Again, if you're going to do all the work, you might as well apply it to your category, too, because it's something that you can control.

You don't need to be Qualtrics and have millions of dollars available for every Lightning Strike. You can do some of these basic things that we just talked about and start to embed this kind of thinking and strategy into your business.”

So, what’s a Lightning Strike, you ask?

Here’s how the PLAY BIGGER book describes it, from page 128:

"A lightning strike is an event meant to explode onto the market, grab the attention of customers, investors, analysts, and media, and make any potential competitors crap their drawers. It is the full concentration of the company’s resources on one high-intensity strike.
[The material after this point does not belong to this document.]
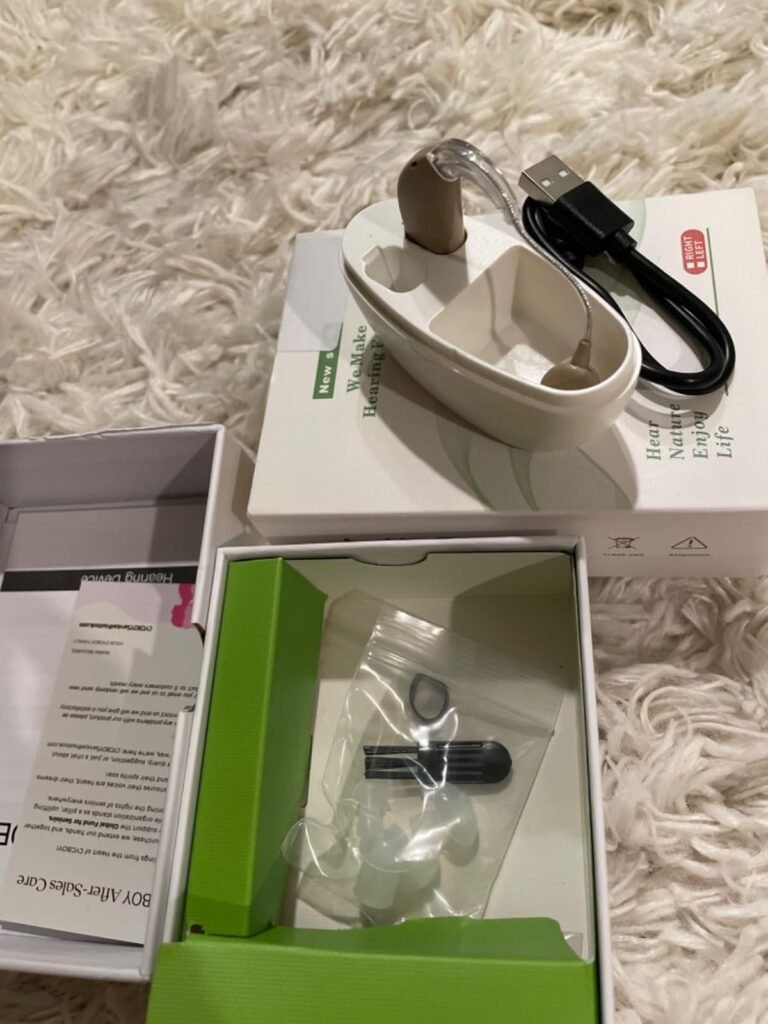 Rechargeable One-Button OTC product view 3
This is in complete opposition to traditional peanut butter marketing, which involves spreading marketing and PR across a wide swath of the market over a long period of time and hoping somewhere it sticks.

Peanut butter marketing doesn’t break through in this era of cacophonous media and never-ending swarms of new start-ups seeking attention.

A lighting strike must overcome the noise. The strike is a shock and awe version of what some marketers call “air wars” – the campaign to change potential customers minds so they consider buying the company’s offering.

The most important thing to understand about a lightning strike is that it’s not a marketing event. It’s a company event.

And this is why the strike becomes a forcing function for every part of the company.